Dr. Mazurek also studied improved treatments for tuberculosis. He collaborated on clinical trials which led to the acceptance of rifapentine and shorter treatment regimens for active tuberculosis disease and latent M. tuberculosisinfection. The use of rifapentine allowed treatment to be shortened from nine months to three months in some cases. Other notable work throughout Dr. Mazurek’s career includes deployments with the U.S. Public Health Service to various states and countries for hurricane relief, influenza control, Ebola response, and COVID-19 threats.
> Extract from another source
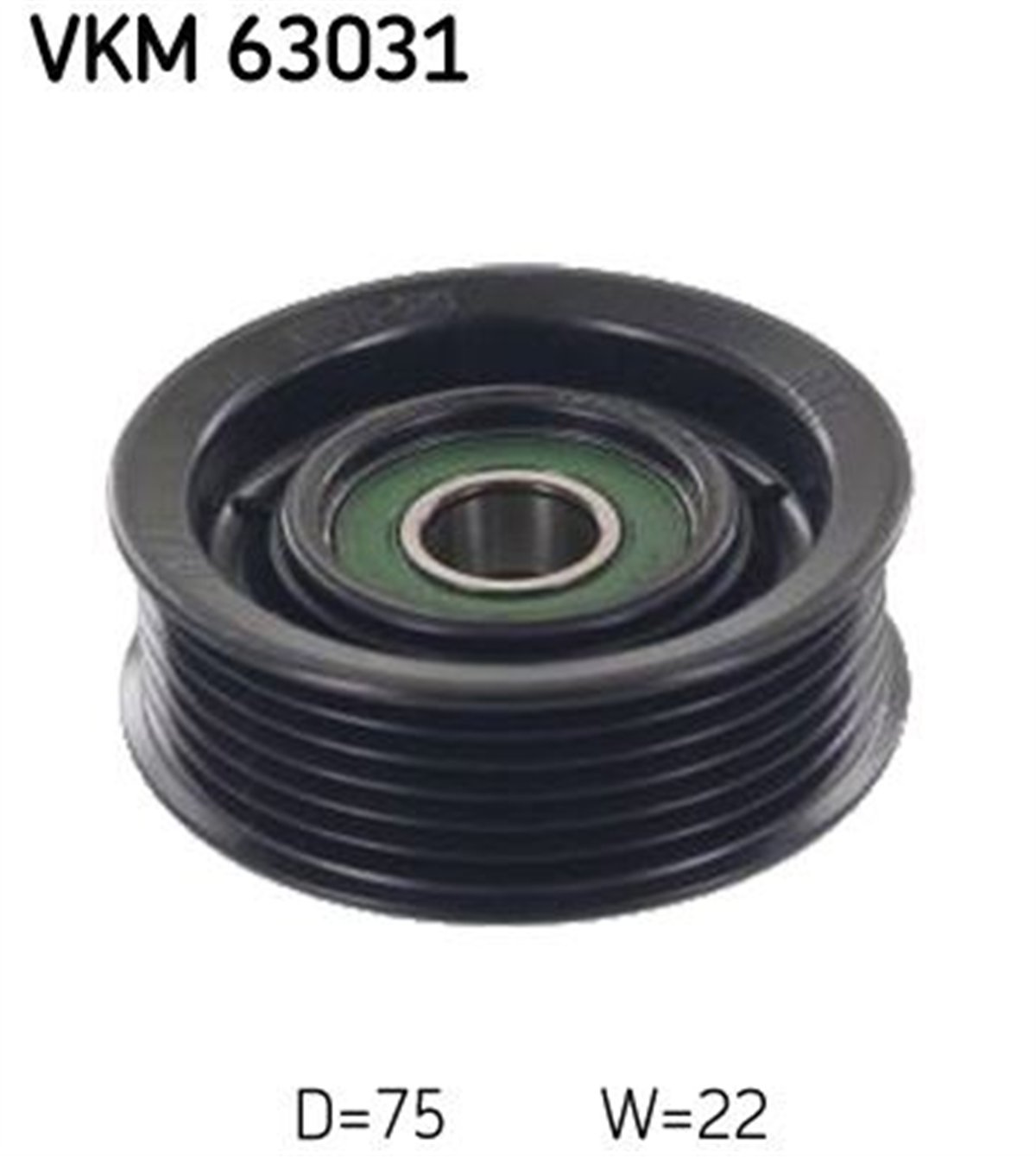 SKF 63031 - V Kayis Avare Kasnak - Japon Civic (fb) : Crv 2.0 13-14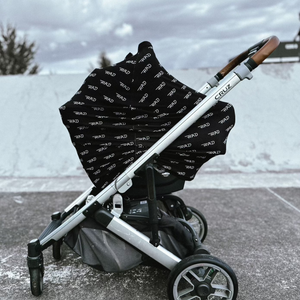 RAD MULTI-USE COVER FOR INFANT NURSING - BLACK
When reflecting on his education, career, and his numerous mentors, Dr. Mazurek says, “Hard work, luck, and prayer got me into and through medical school at UAMS, but clinical mentoring by Drs. Bill Stead, Richard Ebert, Joe Bates, and Robert Abernathy fueled my interest in tuberculosis.” Dr. Mazurek also notes the importance of UAMS microbiology professor and later CDC collaborator, Dr. Jack Crawford, in his career.
To this day, Dr. Mazurek remains affiliated with UAMS medical students, residents, fellows, and faculty through intermittent clinical work at the John L. McClellan Memorial Veterans’ Hospital. This collaboration is thanks to Drs. Larry Johnson and Manish Joshi, Professors in the Division of Pulmonary and Critical Care Medicine. Dr. Mazurek adds, “I sincerely thank Dr. Johnson and Dr. Joshi for the opportunity to work at my alma mater and for the opportunity to exchange ideas related to tuberculosis diagnosis and treatment over the past fifteen years.”